Después de contemplar el debate entre Trump y Biden recordé esa frase final de un conocido chiste, y de la que me he servido para titular esta columna. ¿Cómo es posible que en un país de más de 330 millones de personas, el más poderoso del mundo, se le ofrezca a la ciudadanía una alternativa tan pobre? Elegir entre el mentiroso patológico de Trump y el bueno de Biden, cada vez más senil, es, desde luego, una elección trágica. Lo matizaré un poco. De Trump ya está casi todo dicho y lo volvió a escenificar en el debate. Es el rey del bulo y el bullshit, y ahora se presenta, además, ebrio de sed de venganza y dispuesto a poner patas arriba todo el sistema político estadounidense. No negó siquiera que no fuera a poner en cuestión el resultado electoral si no resultara vencedor. Biden, por el contrario, tiene una trayectoria política impoluta y ha realizado una buena labor como presidente, pero fracasó en lo único que en ese momento importaba, demostrar que se encontraba en óptimas condiciones físicas y mentales. Ezra Klein supo decirlo con claridad meridiana: “Ha demostrado que sabe hacer el trabajo (de presidente), pero es incapaz de escenificarlo (perform)”. Una cosa es tomar decisiones y otra saber comunicarlas, la clave actual en el ejercicio de la política. Si vivimos en una teatrocracia, los actores deben demostrar que saben representar su papel.

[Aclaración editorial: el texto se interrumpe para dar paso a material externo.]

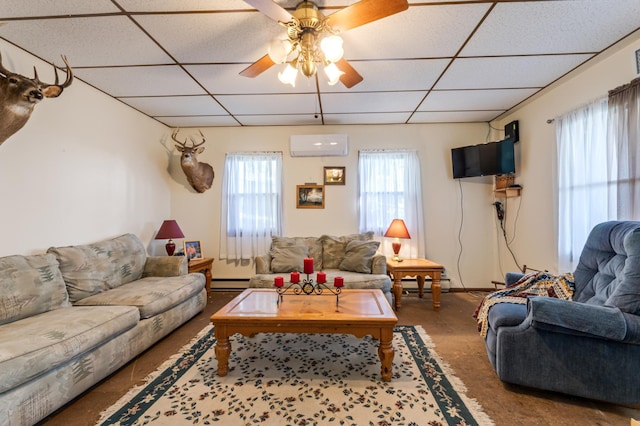 304 2nd St, Alma, WI 54610 - carpeted living area with a paneled ceiling, a wall unit AC, a baseboard radiator, ceiling fan, and baseboard heating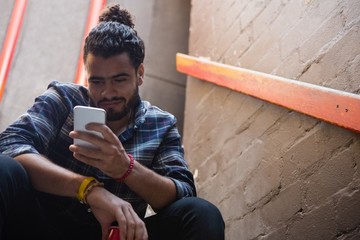 Man using mobile phone on staircase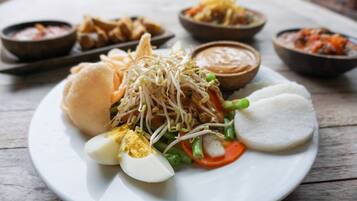Un plato de comida con diversos platos, incluyendo un sándwich, huevos cocidos y verduras.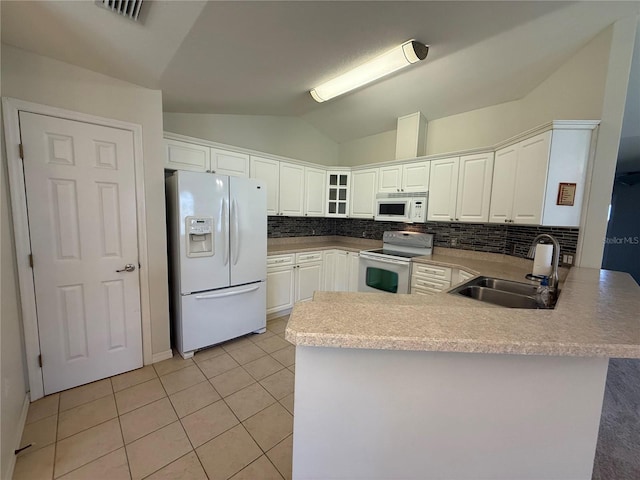 206 SE 8th Ave, Williston, FL 32696 - kitchen with white appliances, a peninsula, vaulted ceiling, light tile patterned floors, and backsplash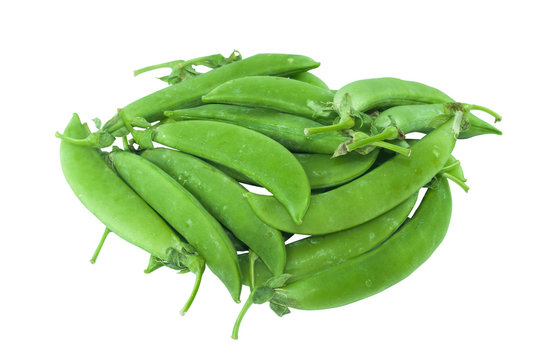 Closeup green peas on white background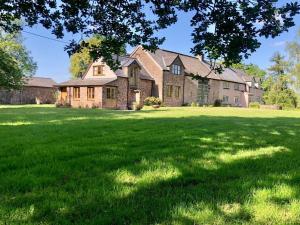 a large grassy yard with a large house at 1 Bed in Chepstow oc-91941 in Chepstow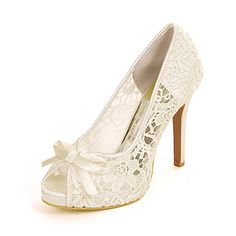 a white high heeled shoe with a bow on the toe and lace overlays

Bajo condiciones normales igual no habría importado tanto, cualquiera puede tener un mal día. Pero estamos ante uno de los momentos más delicados en la historia reciente y, si seguimos el propio discurso demócrata, ante una elección existencial: lo que está en juego es la democracia misma. Encima, Trump domina en las encuestas. ¿No sería lógico, por lo tanto, que pusiéramos todos los medios necesarios para conseguir el objetivo? Es la pregunta que se hacen figuras de renombre como Thomas Friedman o Paul Krugman y el propio comité editorial de The New York Times, que recomiendan encarecidamente a Biden que se eche a un lado y colabore en la búsqueda de un sustituto. Lo hacen desde el mayor respeto por su figura, pero espoleados por un pánico que apenas pueden ocultar. Por lo que llevamos visto en estas intensas horas de después del debate, el viejo presidente no está por la labor y es muy posible que el grueso del partido tampoco. Los partidos estadounidenses son, sobre todo, peculiares maquinarias electorales, carecen de una burocracia fija, y dependen enormemente de agentes externos, como toda esa retahíla de donantes a los que no sería fácil poner de acuerdo sobre un candidato alternativo, o a las distintas facciones del partido. Pero Biden está acabado desde el mismo momento en que pierde la confianza de los medios liberales de su país. He aquí el dilema.

Con todo, lo más descorazonador para la democracia es la pauta que una y otra vez sale a la luz en todas y cada una de las elecciones donde se amenaza con la victoria de algún contendiente populista, lo que podríamos calificar como la política del mal menor. En esta no se trata ya, como debería ser lo lógico, de mostrarse mejor que el adversario, sino de presentarlo como inelegible, como una amenaza para el sistema. Lejos de hacer el esfuerzo por acentuar los puntos fuertes de sus programas y trazar un claro proyecto de futuro —¿acaso no consiste en esto ser “progresista”, creer en el progreso?—, se atrincheran en la descalificación total del adversario. La tragedia de Biden es que ni siquiera satisfizo los requerimientos del mal menor, pasó a subsumirse también bajo la categoría de inelegible. ¿Elegir entre inelegibles? Más vale que busquen otro candidato. ¡Rápido!